Wanna pass a medical exam? Get a fat old doctor. I wasn’t in the best shape when I went for my physical, but compared to my doctor, I was possibly godlike. The contrast was so great he gave me an advance on next year’s test, so I don’t have to come back for 2 years. Yep, fat doctors, that’s the key to good health advice.
…Or so I thought. It turns out, the “skip next year’s physical” idea might have been more of a way to avoid work. My legs have been bugging me (I can’t seem to manage more than a few weeks of training before I blow an ankle out or something), so I finally figured I should look into some kind of orthotics. (Ok, first I was looking for “implants”, but I knew that wasn’t right, so I asked about “inserts”, and while closer, it didn’t register with anyone, so apparently it’s orthotics I’m looking for, which are also different from prosthetics). I head over to the receptionist and try to make an appointment. She tells me that I need to speak to something called a “chiropodist”, and I should go to another counter (it’s a big medical complex). Don’t I need some kind of referral? No, she assures me, it’s all good. I get the appointment with the guy whose job sounds like a kind of bug, but when I get back to work it occurs to me to check what my health plan will cover. It turns out I do in fact need to see my doctor for a referral if I want to avoid paying for the insert thingies. Back to the office I go. This time the receptionist refers me to the sports medicine doctor, because my doctor apparently doesn’t do orthotic referrals.

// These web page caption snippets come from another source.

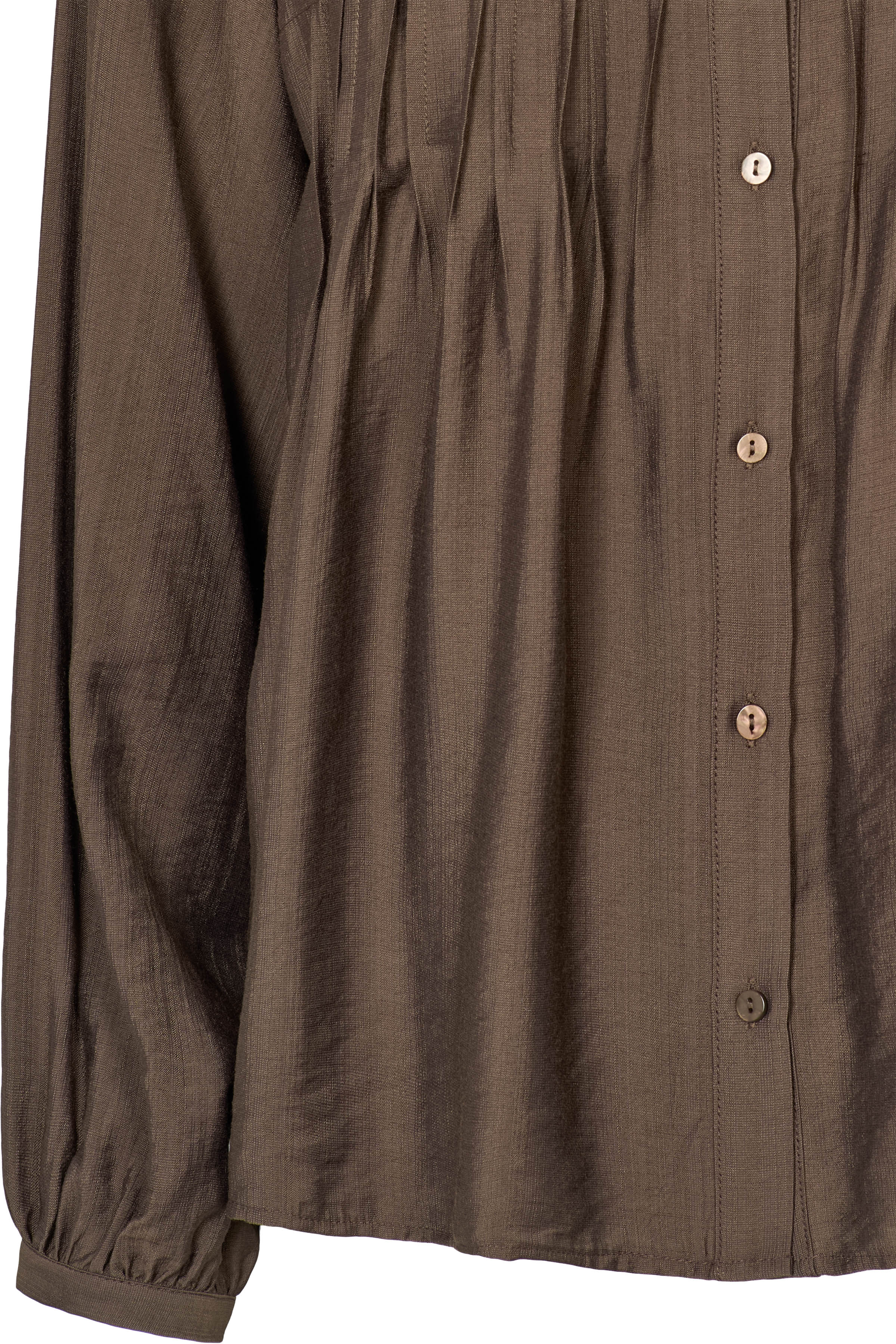Rue De Femme - RDFAnais Shirt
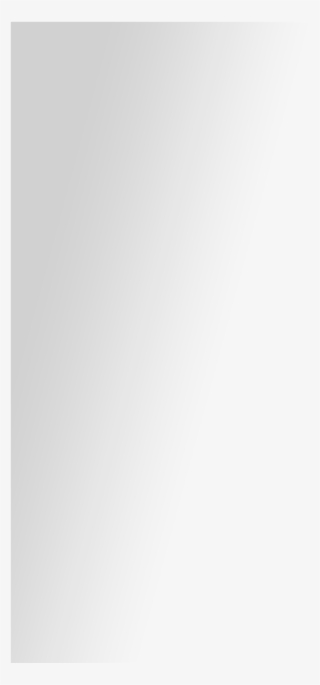 Home Slideshow Gradient - White Header Hd #8774856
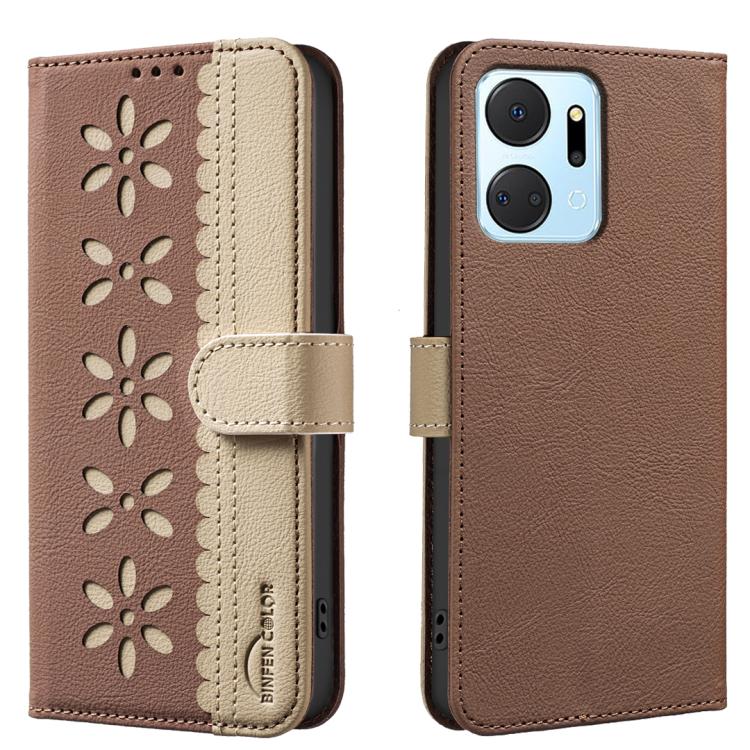 EDA007926906C.jpg@b4cc4603481582fb1ae807e8209cf7c9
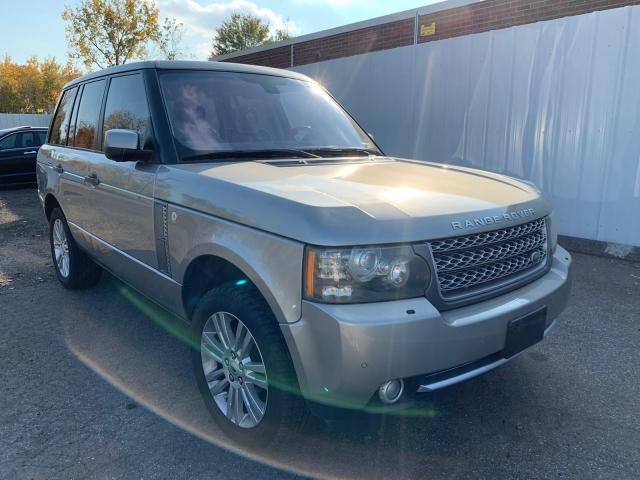 land rover range rove 2010 salmf1d45aa312418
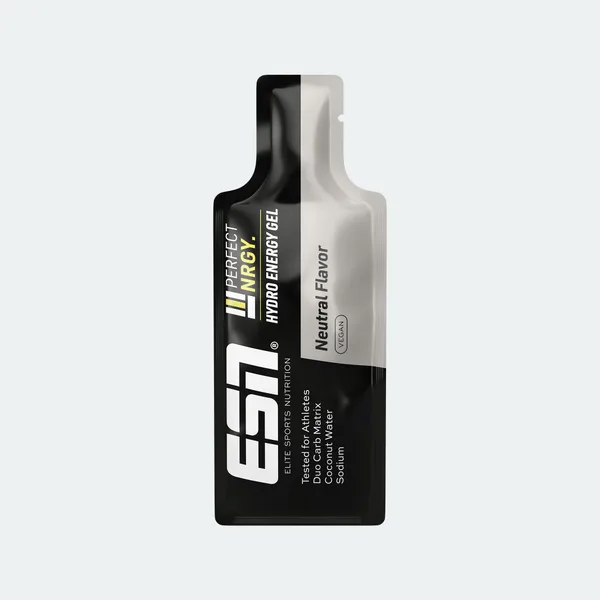 Perfect NRGY Hydro Energy Gel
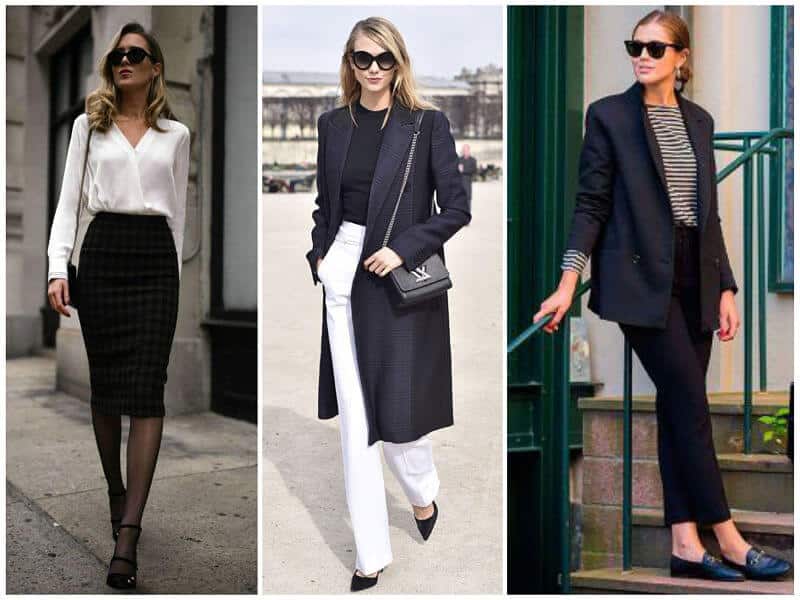 como economizar investindo em peças atemporais de qualidade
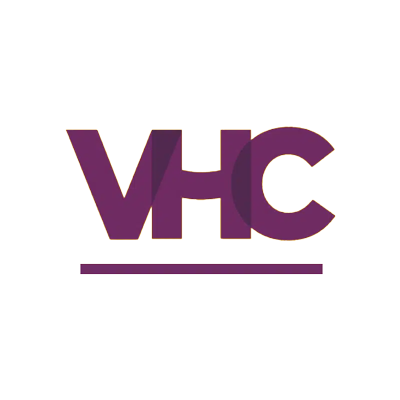 VHC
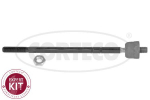 Sisemine rooliots,roolivarras CORTECO 49397016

I didn’t have a doctor for the longest time, and when I decided to get one, it took some work to find someone who was accepting new patients. Once I had one, it was a bit anticlimactic. I thought that it would infer some kind of power or something – like having a lawyer, but not quite as snobby. Could someone please explain to me what a doctor actually does? Someday I’m going to be talking to someone and they’ll let it slip that they’re the president’s personal physician, and I’ll be all over that charlatan.
My previous doctor would at least make stuff up – I’d ask hiim about some problem I’m having, and he’d always say something along the lines of “Hmmm, it could be zerfliganitrolia, but I don’t think that’s it, because that would also cause your brain to run out of your nose, so I think it’s probably the flu”. From my limited experience with the new guy, his diagnoses go like “if there’s no rash or swelling, it’s probably perfectly normal”. I swear, one of these days I’m going to go get a tatoo of a big mean rash and watch this guy flip out.